2024-03-30 Attempt
Fixing Broken Categories
cd /var/www/mediawiki/maintenance/
php update.php # this didn't do it
php rebuildall.php # this worked
Perl Regex for Page Names
perl -ne 'print "$2\n" while m|<a href="[^"]*"( class="mw-redirect")* title="[^"]*">([^<>]*)</|g' < pages-02.html
Perl Regex for File Links
a href="/wiki/File:01mendel-ABS_solid-bed-height-spacer-31m.jpg"
cat files-*.html | perl -ne 'print "$1\n" while m|a href="(File:[^"]*)"|g'
Handling Files
- Hit the /wiki/File:... page
- grep for "Full resolution"
- That didn't work. Try this:
<div class="fullMedia"><a href="/w/images/6/63/3d_Printing_BYOF.jpg" class="internal" title="3d Printing BYOF.jpg">3d_Printing_BYOF.jpg</a> <span class="fileInfo">(482 × 541 pixels, file size: 80 KB, MIME type: image/jpeg)</span>
- get the URL from: a href="/w/images/1/1c/zoom-into-rectangle.png" class="internal"
- Use the second curl bit below to get the files
- Go to the All Pages special page and export the Files category.
- Import those pages to the new wiki.
- Upload the files, ignoring warnings. (maybe find a way to bulk this, but shouldn't be more than an hour of work)

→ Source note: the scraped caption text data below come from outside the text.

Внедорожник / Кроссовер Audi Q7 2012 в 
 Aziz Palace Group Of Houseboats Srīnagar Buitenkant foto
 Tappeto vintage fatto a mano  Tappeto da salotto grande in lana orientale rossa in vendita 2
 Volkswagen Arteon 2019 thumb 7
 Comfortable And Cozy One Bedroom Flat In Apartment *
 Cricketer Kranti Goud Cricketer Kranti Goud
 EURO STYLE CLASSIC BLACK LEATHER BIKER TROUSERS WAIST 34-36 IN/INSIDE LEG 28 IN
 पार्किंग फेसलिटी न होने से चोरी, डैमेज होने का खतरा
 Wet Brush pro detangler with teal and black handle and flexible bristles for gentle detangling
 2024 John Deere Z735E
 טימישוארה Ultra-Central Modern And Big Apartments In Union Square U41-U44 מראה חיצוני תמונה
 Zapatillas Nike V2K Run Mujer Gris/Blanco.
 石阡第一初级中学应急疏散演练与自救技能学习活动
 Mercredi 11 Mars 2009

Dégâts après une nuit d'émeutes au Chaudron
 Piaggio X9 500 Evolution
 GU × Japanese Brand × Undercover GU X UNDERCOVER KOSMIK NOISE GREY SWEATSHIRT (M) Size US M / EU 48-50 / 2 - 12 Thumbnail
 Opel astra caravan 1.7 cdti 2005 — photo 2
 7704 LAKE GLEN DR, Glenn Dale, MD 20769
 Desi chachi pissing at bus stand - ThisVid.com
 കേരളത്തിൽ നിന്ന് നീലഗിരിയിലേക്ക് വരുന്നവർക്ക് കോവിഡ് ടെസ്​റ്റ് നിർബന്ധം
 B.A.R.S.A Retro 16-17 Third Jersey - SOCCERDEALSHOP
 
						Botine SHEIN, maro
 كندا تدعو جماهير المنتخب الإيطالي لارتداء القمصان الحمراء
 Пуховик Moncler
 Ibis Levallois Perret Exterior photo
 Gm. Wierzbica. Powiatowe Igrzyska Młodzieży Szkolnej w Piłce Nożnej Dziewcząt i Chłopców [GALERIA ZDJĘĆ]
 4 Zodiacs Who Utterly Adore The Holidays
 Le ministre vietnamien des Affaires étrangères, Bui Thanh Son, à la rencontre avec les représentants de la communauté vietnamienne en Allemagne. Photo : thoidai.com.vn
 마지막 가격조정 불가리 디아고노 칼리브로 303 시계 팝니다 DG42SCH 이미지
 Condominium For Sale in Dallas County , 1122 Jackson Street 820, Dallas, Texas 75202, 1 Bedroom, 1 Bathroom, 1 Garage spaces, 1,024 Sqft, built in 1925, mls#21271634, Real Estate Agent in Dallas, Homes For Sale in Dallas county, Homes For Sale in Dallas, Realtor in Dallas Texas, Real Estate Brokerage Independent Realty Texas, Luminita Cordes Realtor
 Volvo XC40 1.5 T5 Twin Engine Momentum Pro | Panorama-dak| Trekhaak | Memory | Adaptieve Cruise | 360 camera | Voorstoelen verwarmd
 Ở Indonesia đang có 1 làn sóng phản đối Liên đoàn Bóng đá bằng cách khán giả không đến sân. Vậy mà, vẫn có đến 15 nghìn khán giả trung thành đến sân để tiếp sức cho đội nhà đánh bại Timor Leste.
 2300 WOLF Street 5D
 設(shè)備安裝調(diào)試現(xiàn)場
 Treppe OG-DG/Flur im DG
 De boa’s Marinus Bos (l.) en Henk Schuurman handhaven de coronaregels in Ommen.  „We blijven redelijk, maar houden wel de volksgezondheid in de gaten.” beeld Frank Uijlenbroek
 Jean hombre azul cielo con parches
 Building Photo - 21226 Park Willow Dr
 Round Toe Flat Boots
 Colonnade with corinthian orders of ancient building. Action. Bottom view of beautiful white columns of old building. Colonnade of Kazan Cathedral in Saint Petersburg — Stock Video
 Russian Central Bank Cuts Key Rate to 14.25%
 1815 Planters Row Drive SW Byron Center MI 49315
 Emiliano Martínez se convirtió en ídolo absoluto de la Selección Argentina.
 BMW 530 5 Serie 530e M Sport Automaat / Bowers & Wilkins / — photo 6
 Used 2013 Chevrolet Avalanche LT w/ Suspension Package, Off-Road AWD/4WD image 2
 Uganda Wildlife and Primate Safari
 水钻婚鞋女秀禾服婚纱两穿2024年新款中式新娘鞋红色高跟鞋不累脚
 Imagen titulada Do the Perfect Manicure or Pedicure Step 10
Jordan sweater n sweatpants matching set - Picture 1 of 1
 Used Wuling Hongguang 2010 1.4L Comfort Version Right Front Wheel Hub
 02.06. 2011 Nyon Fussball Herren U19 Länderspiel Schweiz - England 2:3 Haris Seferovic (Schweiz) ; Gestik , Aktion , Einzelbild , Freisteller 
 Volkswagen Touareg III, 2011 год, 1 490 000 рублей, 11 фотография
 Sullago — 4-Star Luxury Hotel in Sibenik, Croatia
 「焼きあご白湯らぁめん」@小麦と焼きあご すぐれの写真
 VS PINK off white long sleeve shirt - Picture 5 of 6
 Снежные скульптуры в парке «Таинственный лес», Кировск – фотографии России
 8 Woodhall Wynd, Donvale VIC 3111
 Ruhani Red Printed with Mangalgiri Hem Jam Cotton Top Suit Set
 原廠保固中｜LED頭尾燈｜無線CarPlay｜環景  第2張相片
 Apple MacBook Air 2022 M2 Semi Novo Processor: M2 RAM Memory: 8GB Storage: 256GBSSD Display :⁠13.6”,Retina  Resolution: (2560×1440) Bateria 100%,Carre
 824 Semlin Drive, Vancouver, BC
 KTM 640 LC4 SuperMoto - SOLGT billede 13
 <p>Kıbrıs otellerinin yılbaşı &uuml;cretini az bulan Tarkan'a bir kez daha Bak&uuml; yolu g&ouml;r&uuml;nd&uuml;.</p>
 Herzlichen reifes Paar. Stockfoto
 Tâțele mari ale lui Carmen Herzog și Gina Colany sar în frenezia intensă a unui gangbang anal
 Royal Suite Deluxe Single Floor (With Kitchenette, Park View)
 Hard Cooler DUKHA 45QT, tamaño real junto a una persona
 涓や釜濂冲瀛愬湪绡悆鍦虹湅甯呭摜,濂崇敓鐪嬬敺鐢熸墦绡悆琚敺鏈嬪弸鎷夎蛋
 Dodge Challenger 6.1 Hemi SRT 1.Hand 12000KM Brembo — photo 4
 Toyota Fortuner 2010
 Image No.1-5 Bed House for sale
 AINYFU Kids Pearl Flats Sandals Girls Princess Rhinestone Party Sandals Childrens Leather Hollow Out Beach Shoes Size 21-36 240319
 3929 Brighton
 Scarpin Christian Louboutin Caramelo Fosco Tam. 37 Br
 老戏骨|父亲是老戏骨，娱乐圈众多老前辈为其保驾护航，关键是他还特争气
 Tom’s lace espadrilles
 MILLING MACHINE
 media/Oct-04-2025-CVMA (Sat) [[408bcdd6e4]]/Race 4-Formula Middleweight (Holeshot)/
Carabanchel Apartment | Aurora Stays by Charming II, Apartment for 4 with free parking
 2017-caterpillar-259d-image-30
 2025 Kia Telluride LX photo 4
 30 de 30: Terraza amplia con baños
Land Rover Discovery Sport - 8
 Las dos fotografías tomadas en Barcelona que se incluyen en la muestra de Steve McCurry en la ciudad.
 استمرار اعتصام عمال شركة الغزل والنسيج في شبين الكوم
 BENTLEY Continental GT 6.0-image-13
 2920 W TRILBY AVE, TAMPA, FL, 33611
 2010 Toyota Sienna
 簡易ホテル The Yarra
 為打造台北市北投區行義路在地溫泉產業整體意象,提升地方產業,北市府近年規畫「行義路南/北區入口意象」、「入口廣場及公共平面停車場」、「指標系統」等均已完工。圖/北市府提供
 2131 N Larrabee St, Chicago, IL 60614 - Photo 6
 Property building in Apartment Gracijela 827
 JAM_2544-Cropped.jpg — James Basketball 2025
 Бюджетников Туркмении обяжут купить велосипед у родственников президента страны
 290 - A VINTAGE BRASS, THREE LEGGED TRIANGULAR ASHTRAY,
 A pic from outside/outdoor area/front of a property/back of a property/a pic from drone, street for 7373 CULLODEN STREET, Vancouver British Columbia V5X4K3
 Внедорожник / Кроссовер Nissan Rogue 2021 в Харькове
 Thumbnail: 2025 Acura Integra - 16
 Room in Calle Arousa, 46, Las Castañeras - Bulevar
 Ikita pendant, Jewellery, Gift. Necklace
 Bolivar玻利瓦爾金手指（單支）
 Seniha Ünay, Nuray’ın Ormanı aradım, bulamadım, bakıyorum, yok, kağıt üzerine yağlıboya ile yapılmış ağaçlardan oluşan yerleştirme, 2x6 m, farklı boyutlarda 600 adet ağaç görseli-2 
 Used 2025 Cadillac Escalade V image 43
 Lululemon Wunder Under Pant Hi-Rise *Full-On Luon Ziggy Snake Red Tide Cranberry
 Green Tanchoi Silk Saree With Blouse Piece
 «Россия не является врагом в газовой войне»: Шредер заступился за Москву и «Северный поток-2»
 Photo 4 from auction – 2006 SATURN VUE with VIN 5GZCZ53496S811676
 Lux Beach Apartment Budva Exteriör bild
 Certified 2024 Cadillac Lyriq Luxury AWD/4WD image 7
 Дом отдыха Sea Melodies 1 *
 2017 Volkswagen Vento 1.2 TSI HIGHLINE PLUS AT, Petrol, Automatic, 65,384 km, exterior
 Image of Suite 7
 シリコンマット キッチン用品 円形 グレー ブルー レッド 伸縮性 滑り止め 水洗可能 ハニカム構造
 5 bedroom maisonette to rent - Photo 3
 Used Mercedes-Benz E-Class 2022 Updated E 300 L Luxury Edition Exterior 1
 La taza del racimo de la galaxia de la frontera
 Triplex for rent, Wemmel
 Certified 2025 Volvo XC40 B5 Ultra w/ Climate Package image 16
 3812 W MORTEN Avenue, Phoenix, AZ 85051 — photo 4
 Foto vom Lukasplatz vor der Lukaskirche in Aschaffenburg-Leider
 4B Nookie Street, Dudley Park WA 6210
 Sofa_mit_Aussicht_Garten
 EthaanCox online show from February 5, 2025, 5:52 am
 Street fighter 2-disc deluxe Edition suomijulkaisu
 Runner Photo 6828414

curl -s 'https://wiki.heatsynclabs.org/wiki/File:zoom-into-rectangle.png' | grep 'Full resolution' | perl -ne 'print "$1\n" while m|a href="(/w/images/[^"]*)" class="internal"|g'
awk '{print "curl -sO https://wiki.heatsynclabs.org"$1}' < ../file-full-res-paths.txt
bob@lap-2021:~/Documents/hacking/hsl/wiki-migrate$ cat file-paths.txt | ./file-get-commands.pl | sh
bob@lap-2021:~/Documents/hacking/hsl/wiki-migrate$ cat file-get-commands.pl
#!/usr/bin/env perl
while (<>) {
chomp;
$a = $_;
if ($a) {
print "curl -s 'https://wiki.heatsynclabs.org".$a."'";
print " | grep 'Full resolution'";
print ' | perl -ne \'print "$1\n" while m|a href="(/w/images/[^"]*)" class="internal"|g;\'';
print " >> test.sh\n";
}
}